[Dataset content Boundary: Start]
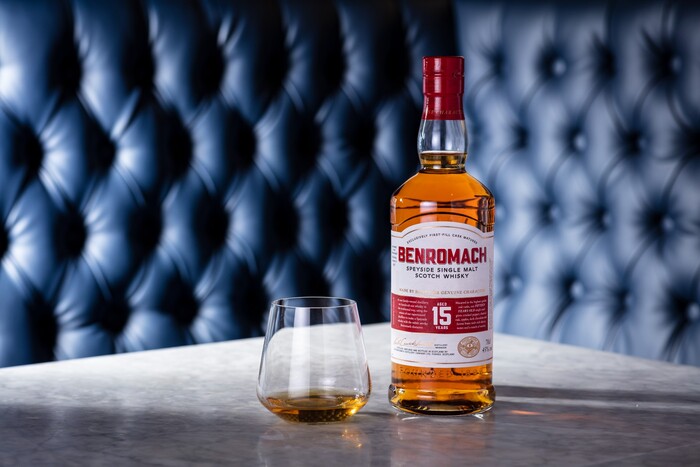 Benromach 15 Year Old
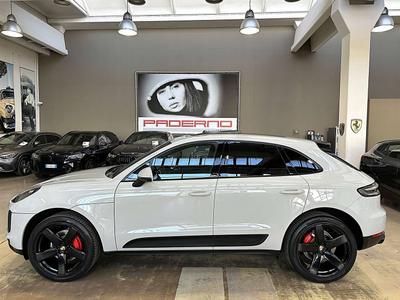Porsche Macan Electrique Base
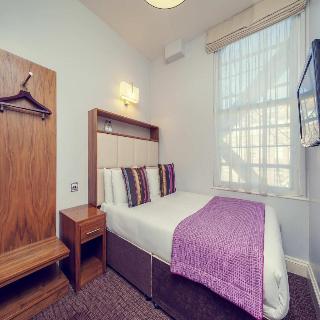 Nottingham City Centre Hotel by Sunday fotoÄŸrafÄ±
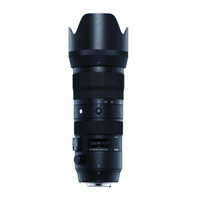 PLUS会员：SIGMA 适马 70-200mm F2.8 DG OS HSM Sports 变焦镜头 佳能口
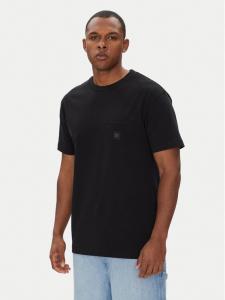 Футболка обычного кроя ADYKT03246 Dc, черный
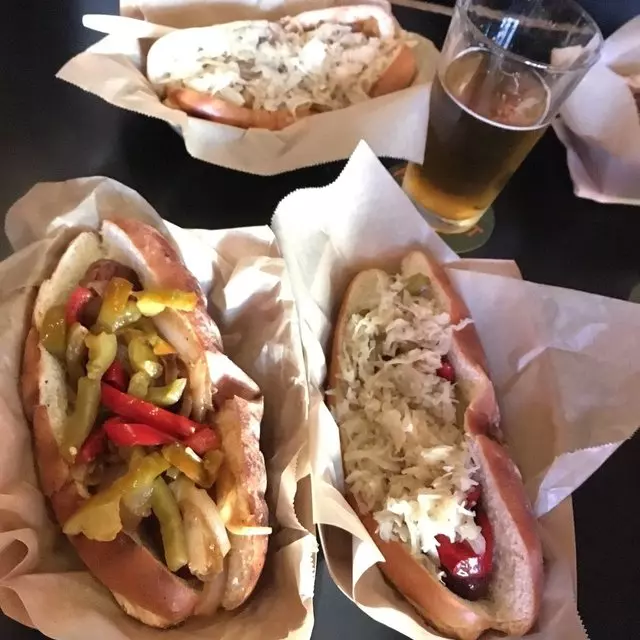 Rosamunde Sausage Grill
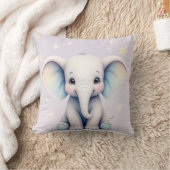 Stellaire Knuffel Olifant Kussen (Deken)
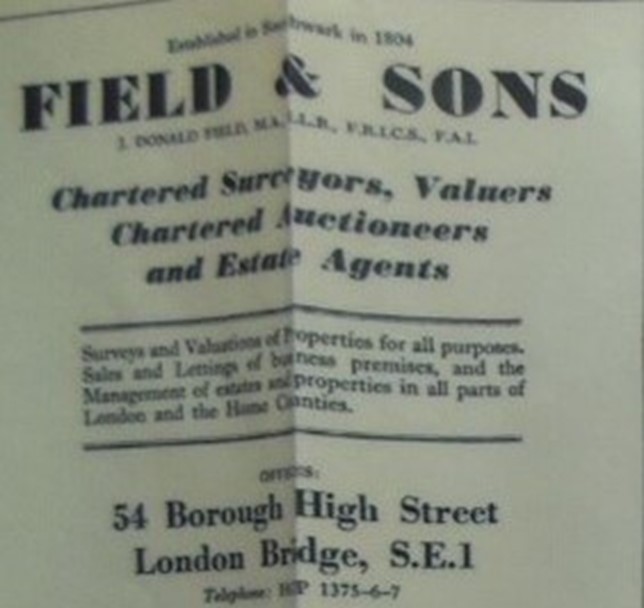 Borough High Street, c1960..jpg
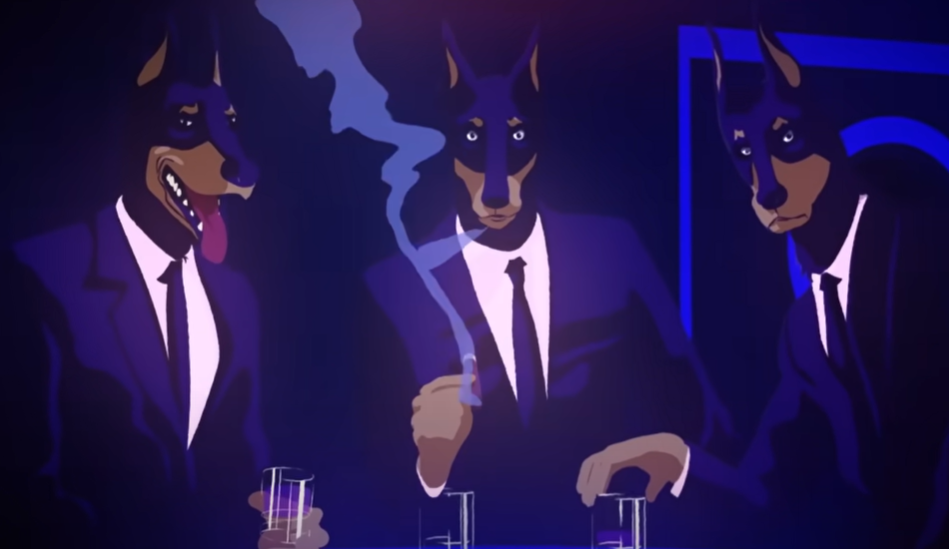 The Enigmatic Lone Digger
[Dataset content Boundary: End]
— Required work —
Please print the material exactly as given above, omitting the pictures.

— Result for this exercise —
 Benromach 15 Year Old
Porsche Macan Electrique Base
 Nottingham City Centre Hotel by Sunday fotoÄŸrafÄ±
 PLUS会员：SIGMA 适马 70-200mm F2.8 DG OS HSM Sports 变焦镜头 佳能口
 Футболка обычного кроя ADYKT03246 Dc, черный
 Rosamunde Sausage Grill
 Stellaire Knuffel Olifant Kussen (Deken)
 Borough High Street, c1960..jpg
 The Enigmatic Lone Digger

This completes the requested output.